To find an element in $A$ which is invertible in $B$ but not in $A$. Let $A$ and $B$ be two Banach Algebra, $A \subset B$. 
To find an element in $A$ which is invertible in $B$ but not in $A$.
I think we can get examples in Matrices, but I am not able to do it.
 A: An examle was almost given in one of the comments: Let $H^\infty(\Bbb T))$ be the set of all bounded functions on $\Bbb T$ which arise as boundary values of holomorphic functions in the unit disk. Then $H^\infty(\Bbb T)\subset L^\infty(\Bbb T)$, and the function $e^{it}\in H^\infty$ is invertible in $L^\infty$ but not in $H^\infty$.
There is no example using matrices. In fact there is no finite-dimensional example:


Lemma Suppose $B$ is a finite-dimensional algebra over $F$ and $x\in B$ is invertible. Then there exists a polynomial $p$ (with coefficients in $F$) such that $x^{-1}=p(x)$. (And $p$ is non-trivial: $\deg(p)>0$.)
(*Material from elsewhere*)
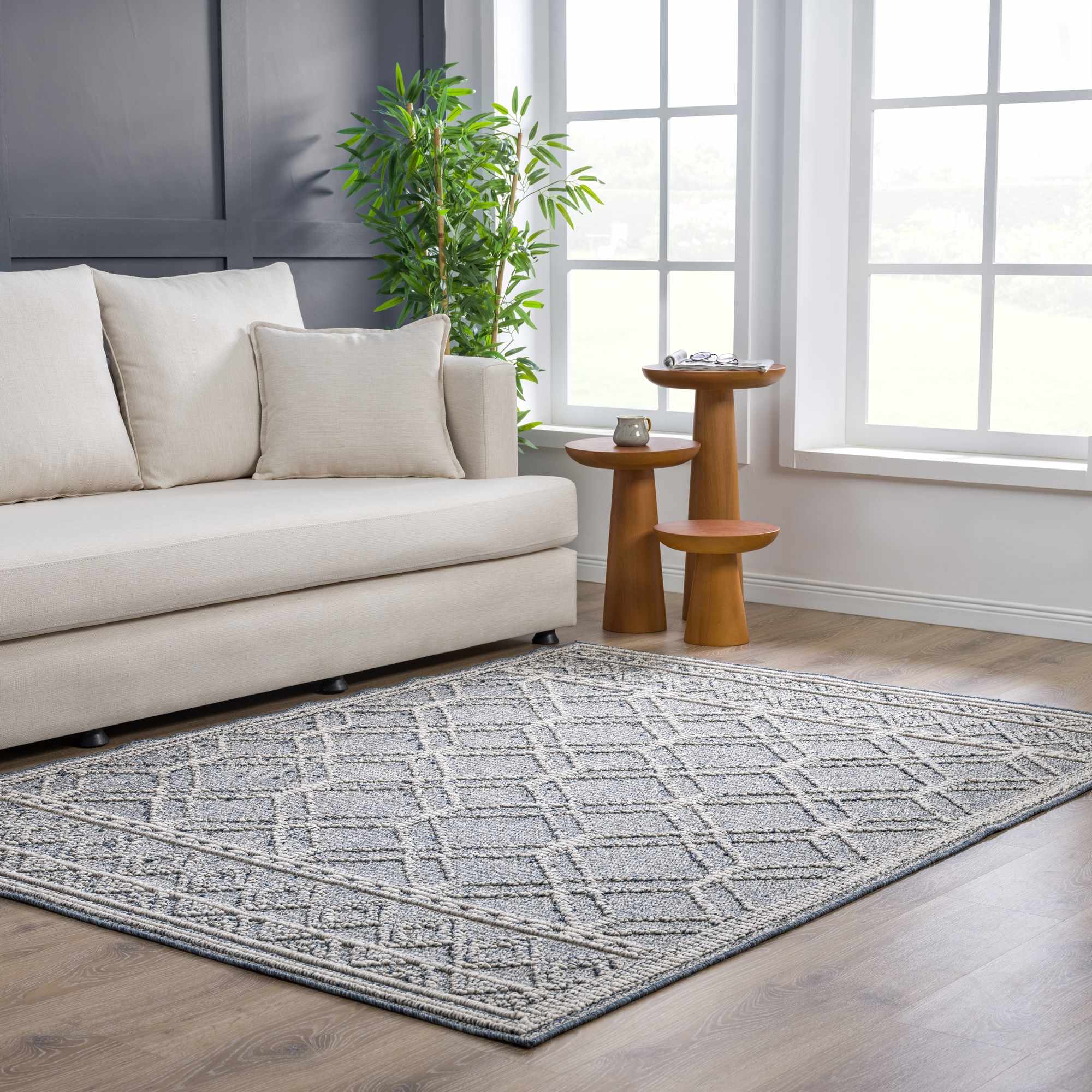 Hauteloom Diah Area Rug - Exquisite Gray Blue & Bone Beauty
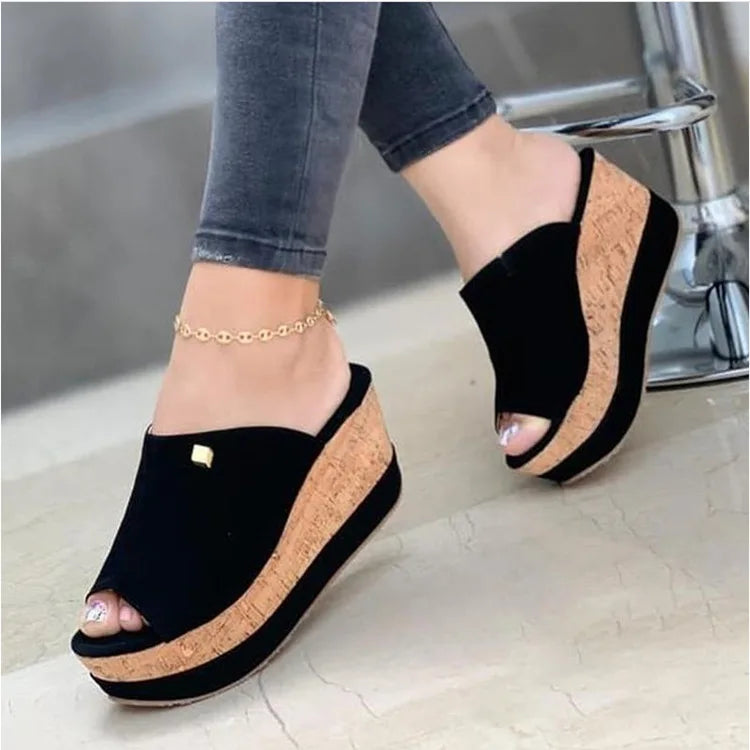 Wedge Slippers Women Shoes 2022 Summer Peep Toe Sandals Fashion Platform Slippers Outdoor Casual Flip Flops Sandalias De Mujer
Proof: The elements $1,x,x^2,\dots$ cannot be independent. So there exists a polynomial $P$ with $P(x)=0$.
Say $m$ is a polynomial of minimal positive degree such that $m(x)=0$.
Let $c=m(0)\in F$. If $c=0$ then there exists a polynomial $q$ with $m(t)=tq(t)$. Hence $xq(x)=0$; since $x$ is invertible it follows that $q(x)=0$, contradicting the minimality of $m$.
So $c=m(0)\ne0$. Now there certainly exists a polynomial $p$ with $m(t)=tp(t)+c$. So $$xp(x)=-c,$$hence $$x^{-1}=-c^{-1}p(x).$$


Corollary If $A\subset B$ are finite-dimensional $F$-algebras and $x\in A$ is invertible in $B$ then $x$ is invertible in $A$.


Proof: Since $A$ is an algebra, $x\in A$ implies $x^{-1}=p(x)\in A$.